As thousands of followers of the conservative Islamic group Hizbut Tahrir, held demonstrations Sunday against the planned visit of the US President Barack Obama, human rights activists said they hoped he would foster greater respect for pluralism.
From continued violence against Ahmadiyah followers to the burning of churches across the country, scholars and activists admit there are many pitfalls in Indonesia’s embrace of religious and cultural difference.
“Discrimination and violence against minorities still exists. And such intolerance occurs both within and among religious groups,” said Hendardi, the executive director of the Setara Institute.
Hendardi said that although Obama’s visit could be used by some officials to justify the progress of the country’s condition in terms of democracy, human rights and pluralism, he and other activists would voice the real condition of the country to urge the US to help solve problems resulting from intolerance.

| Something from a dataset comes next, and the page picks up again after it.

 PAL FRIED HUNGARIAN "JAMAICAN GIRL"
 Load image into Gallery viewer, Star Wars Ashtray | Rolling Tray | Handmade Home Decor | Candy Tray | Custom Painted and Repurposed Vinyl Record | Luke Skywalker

He said the election of a black American as the US president, which was previously unimaginable, could inspire Indonesians.
“Obama’s story itself is a living example of how we can fight intolerance and discrimination.
“We don’t believe the US should be silent about human rights violations in the country just because it has economic interests in Indonesia.”
The veteran activist said that Obama and his Democratic Party, which is known for its attention to issues such as human rights and democracy, could help solve problems such as the current plight of the Ahmadiyah.
The Ahmadiyah are deemed as heretics by mainstream Muslims for recognizing Mirza Ghulam Ahmad, the founder of the sect, as a prophet.
Islamic teaching says that Muhammad is the final prophet.
For years, Ahmadis have suffered attacks from various hard-line Muslim groups, including the fire-bombing of their mosques and homes.
Recently, a number of human rights activists filed a judicial review of the 1965 Blasphemy Law with the Constitutional Court, arguing the law had been abused to justify attacks on minority groups.
Yunianti Chuzzifah, the chairwoman of the National Commission on Violence Against Women (Komnas Perempuan), said that her organization had received several reports from women who faced discrimination because they were followers of religious sects and traditional beliefs not officially recognized by the government.
“Female members of some faiths and beliefs that aren’t recognized by the state can’t obtain an ID card unless they list one of the official religions [on the ID], which is done against their will.”